Troviamo un riferimento chiaro a questa situazione anche in Paolo: «il calice della benedizione che noi benediciamo, non è forse comunione con il sangue di Cristo? E il pane che noi spezziamo, non è forse comunione con il corpo di Cristo? Poiché vi è un solo pane, noi siamo, benché molti, un solo corpo: tutti infatti partecipiamo all’unico pane. Guardate l’Israele secondo la carne: quelli che mangiano le vittime sacrificali non sono forse in comunione con l’altare? Che cosa dunque intendo dire? Che la carne sacrificata agli idoli vale qualcosa? O che un idolo vale qualcosa? No, ma dico che quei sacrifici sono offerti ai demòni e non a Dio. Ora, io non voglio che voi entriate in comunione con i demòni; non potete bere il calice del Signore e il calice dei demòni; non potete partecipare alla mensa del Signore e alla mensa dei demòni» (1 Cor 10,16-21).
Inoltre, la parola «banco» può indicare anche il tavolo su cui i cambiavalute espongono le loro monete, e da questo si può derivare semplicemente il luogo dove si cambiavano le valute e dove era possibile ricevere un prestito, non di rado a un tasso molto alto.
Del resto, il termine «banca» dall’italiano antico ha influenzato la lingua inglese e francese. Nel libro degli Atti si legge, a proposito della scelta dei Sette: «non è giusto che noi [= i Dodici] lasciamo da parte la parola di Dio per servire alle tavole» (At 6,2). L’espressione originale può contenere un gioco di parole, che mescola l’idea del servizio alle mense alle procedure tipicamente bancarie: «servire come contabili».
Di fatto, però, sia presso i babilonesi antichi che presso i greci, i templi divennero importanti «agenzie» di prestito. Riguardo questi ultimi, si parla dei santuari di Artemide a Efeso e a quello di Delfi nella Grecia classica, ma anche quello di Apollo a Delo nell’età ellenistica. Da un lato prestavano quanto ricevuto in offerta dai fedeli e grazie alla loro sacralità e inviolabilità, all’interno del loro recinto ospitavano anche i «tesori» della comunità civile, ovvero le riserve in oro e argento. I templi e santuari potevano perciò permettersi di prestare, su interesse anche molto alto, grosse quantità di denaro.
A un livello più basso c’erano i «banchi», sia in Grecia che a Roma, che svolgevano anch’essi ufficialmente l’attività di cambiavalute. Di fatto ricevevano denaro in deposito su interesse, e a loro volta lo prestavano su un interesse ancora più alto.

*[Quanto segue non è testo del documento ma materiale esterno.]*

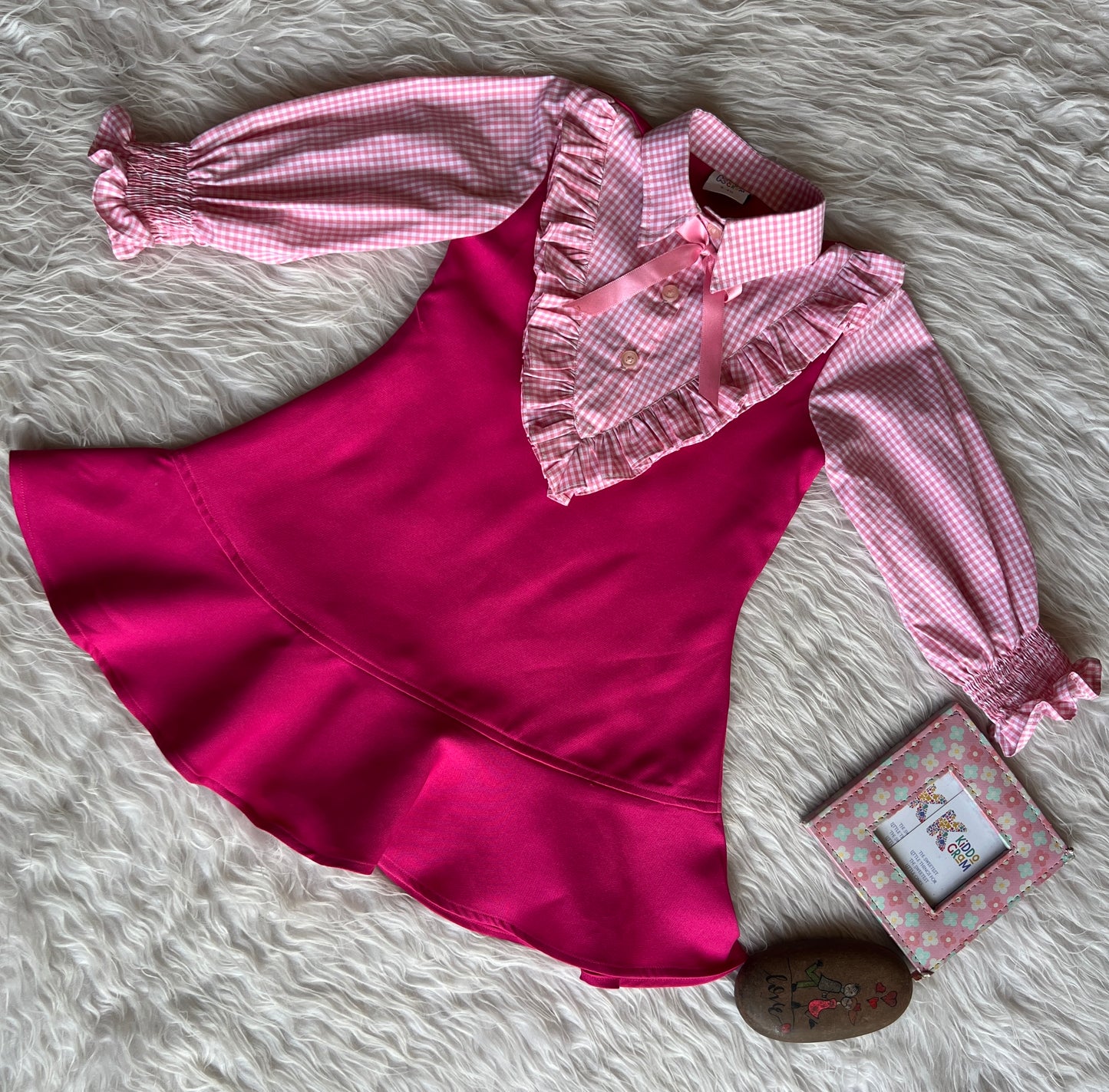 Cotton Candy dress NAS1426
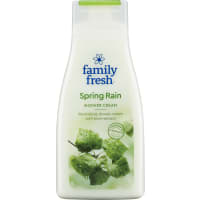 Spring Rain Shower Cream Duschkräm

Peraltro, non c’erano solo le monete ma, ad esempio, nell’economia dell’antico Egitto la stessa funzione delle monete la prendevano ad esempio i cereali, che venivano ritirati dal deposito soltanto nel momento in cui erano usati. Oltre tutto, si trattava di beni che in alcune culture erano usati non solo come cibo ma anche per pagare gli stipendi.
In sostanza, nell’epoca in cui sono composti Vangeli non c’era un sistema bancario come quello moderno, ma i cambiavalute scambiavano monete di città diverse, semplificando i commerci, ma anche facendo uso delle monete di cui entravano in possesso. Quindi, il riferimento evangelico è più che sensato.